Consequence: Message dedup still operates at 1-second granularity because the radio protocol only provides second-resolution sender_timestamp. Do not attempt to fix this by switching to millisecond timestamps — it will break echo dedup (the echo's 4-byte timestamp won't match the stored value) and overflow to_bytes(4, "little"). Incoming DMs now share the same second-resolution content identity tradeoff as channel echoes: same-contact same-text same-second observations collapse onto one stored row.
Outgoing DM echoes remain undecrypted
When our own outgoing DM is heard back via RX_LOG_DATA (self-echo, loopback), _process_direct_message passes our_public_key=None for the outgoing direction, disabling the outbound hash check in the decoder. The decoder's inbound check (src_hash == their_first_byte) fails because the source is us, not the contact — so decryption returns None. This is by design: outgoing DMs are stored directly by the send endpoint, so no message is lost.
Infinite setup retry on connection monitor
When post_connect_setup() fails (e.g. export_and_store_private_key raises RuntimeError because the radio didn't respond), _setup_complete is never set to True. The connection monitor sees connected and not setup_complete and retries every 5 seconds — indefinitely. This is intentional: the radio may be rebooting, waking from sleep, or otherwise temporarily unresponsive. We keep retrying so that setup completes automatically once the radio becomes available, without requiring manual intervention.
DELETE channel returns 200 for non-existent keys
DELETE /api/channels/{key} returns {"status": "ok"} even if the key didn't exist. This is intentional — the postcondition is "channel doesn't exist," which is satisfied regardless of whether it existed before. No 404 needed.

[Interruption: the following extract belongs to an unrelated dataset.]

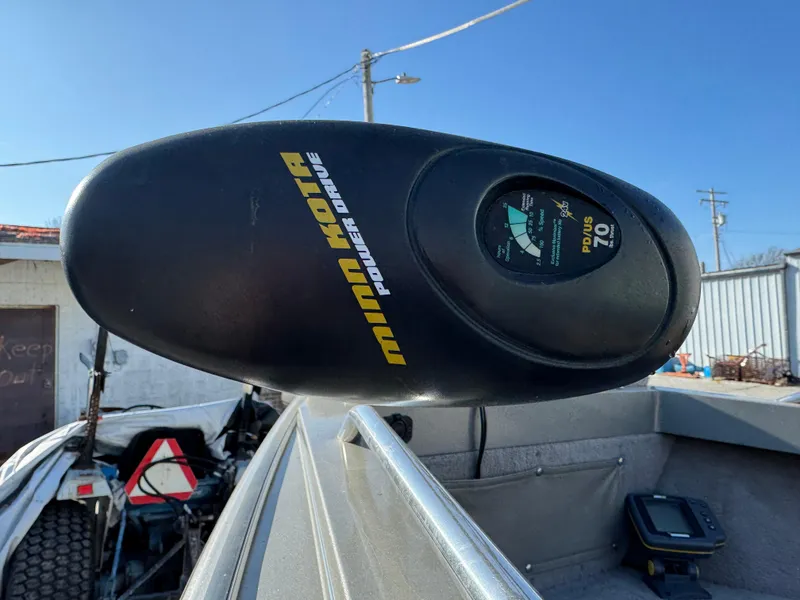 Slide: The Image of Lund 1800 Fisherman OB 2006 - 12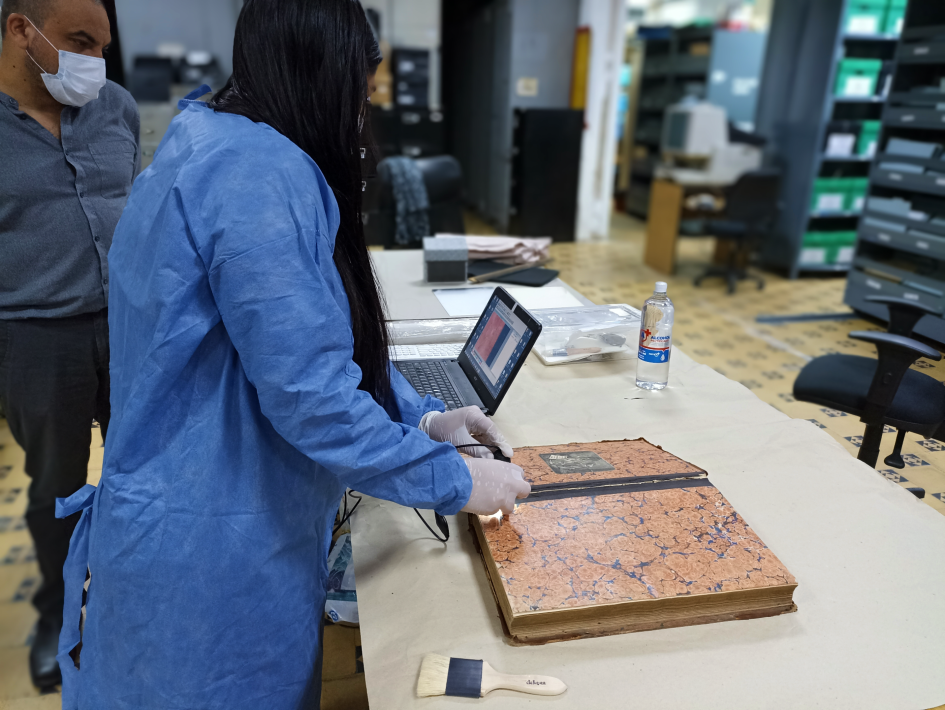 Especialista internacional en conservación documental visitó el Archivo del MEF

Contact lat/lon 0.0 vs NULL
MeshCore uses 0.0 as the sentinel for "no GPS coordinates" (see models.py to_radio_dict). The upsert SQL uses COALESCE(excluded.lat, contacts.lat), which preserves existing values when the new value is NULL — but 0.0 is not NULL, so it overwrites previously valid coordinates. This is intentional: we always want the most recent location data. If a device stops broadcasting GPS, the old coordinates are presumably stale/wrong, so overwriting with "not available" (0.0) is the correct behavior.
Editing Checklist
When changing backend behavior:
- Update/add router and repository tests.
- Confirm WS event contracts when payload shape changes.
- Run
PYTHONPATH=. uv run pytest tests/ -v. - If API contract changed, update frontend types and AGENTS docs.